▶ _Your instructions_: The answer must be only the lines below from the one holding "Certified 2025 Audi" down to the one holding "Debbie Tankersky", ends included, printed exactly; please omit all pictures.

===== The data =====

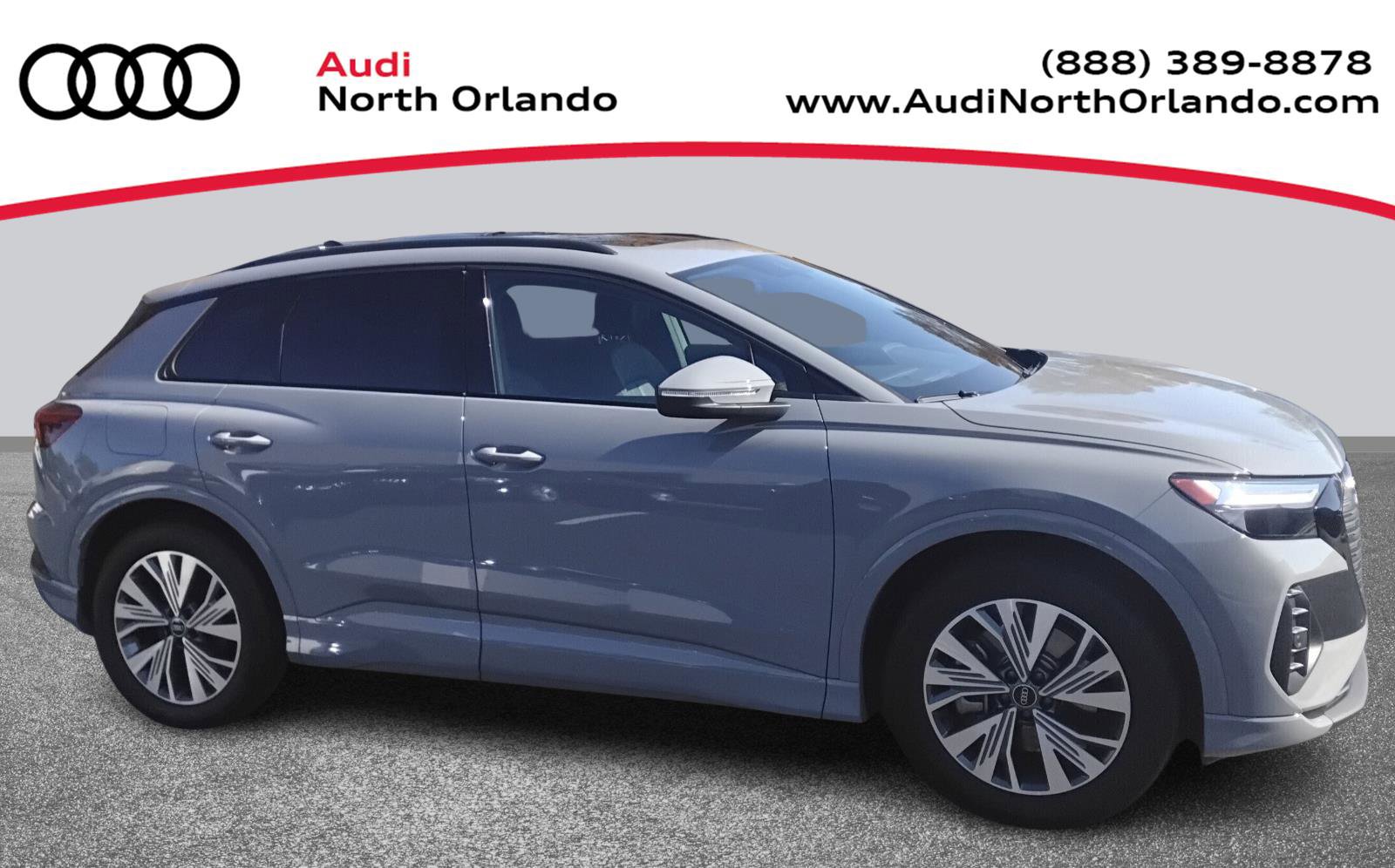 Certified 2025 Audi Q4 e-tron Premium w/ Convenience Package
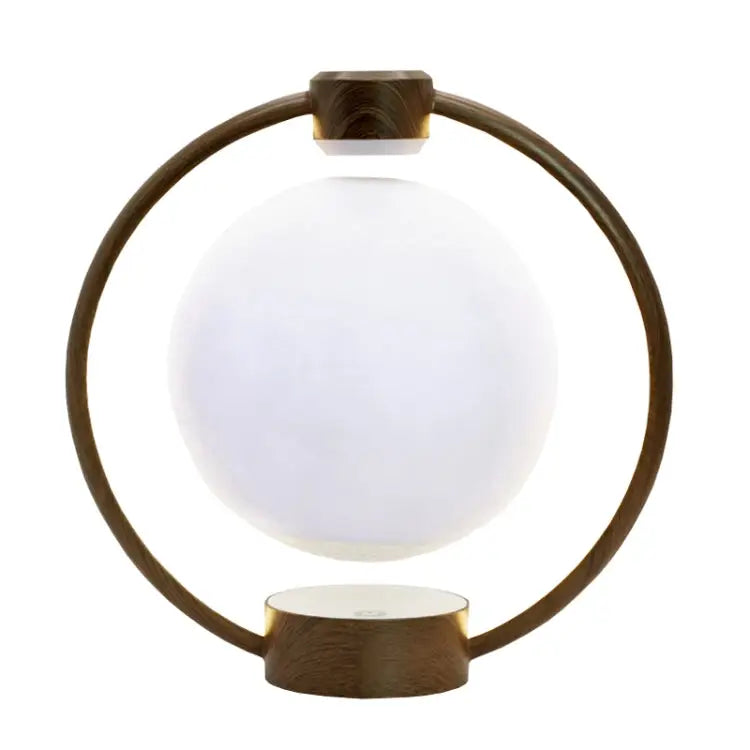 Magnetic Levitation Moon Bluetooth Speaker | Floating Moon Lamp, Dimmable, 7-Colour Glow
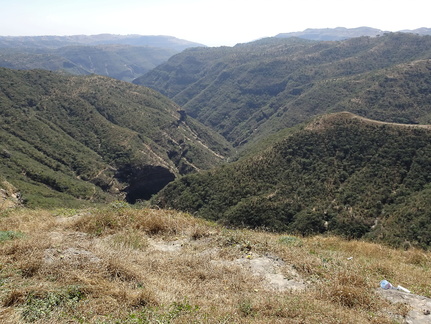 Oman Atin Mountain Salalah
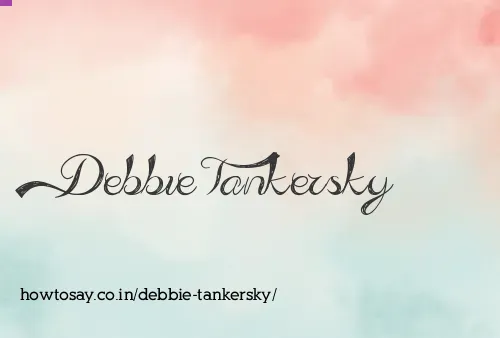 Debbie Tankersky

=====
===== The data =====

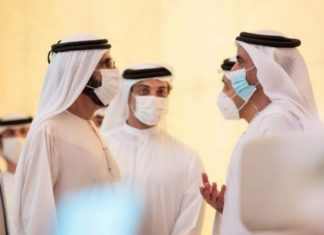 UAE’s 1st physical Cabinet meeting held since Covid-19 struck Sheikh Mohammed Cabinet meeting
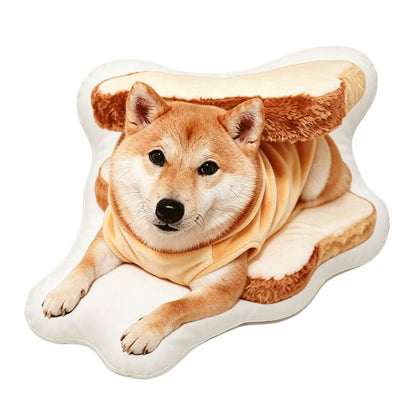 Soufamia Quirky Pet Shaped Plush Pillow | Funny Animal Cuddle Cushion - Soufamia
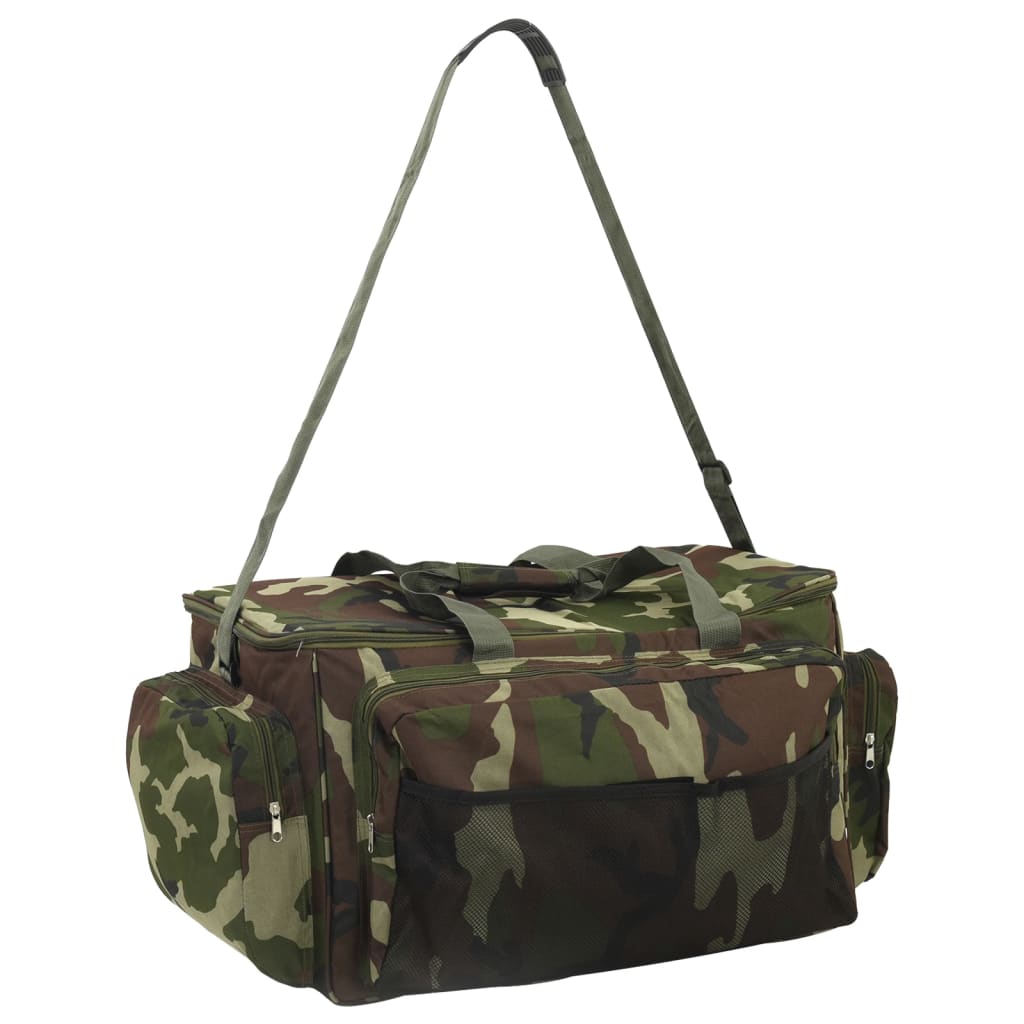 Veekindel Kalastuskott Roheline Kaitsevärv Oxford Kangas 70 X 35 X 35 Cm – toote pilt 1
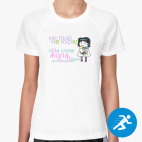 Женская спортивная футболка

=====
===== The data =====

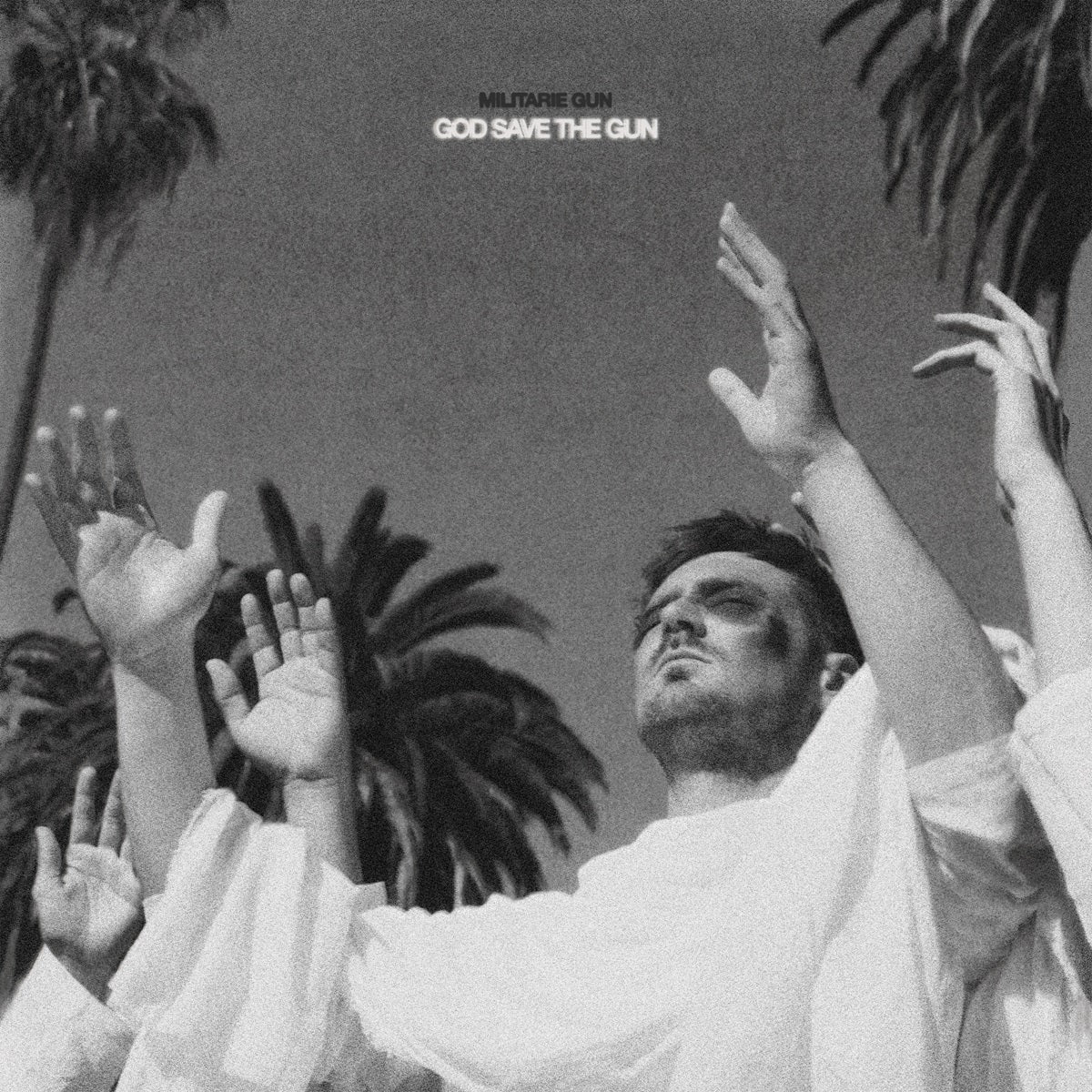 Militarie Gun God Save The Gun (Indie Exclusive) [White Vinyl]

=====

▶ _Completed exercise_:
 Certified 2025 Audi Q4 e-tron Premium w/ Convenience Package
 Magnetic Levitation Moon Bluetooth Speaker | Floating Moon Lamp, Dimmable, 7-Colour Glow
 Oman Atin Mountain Salalah
 Debbie Tankersky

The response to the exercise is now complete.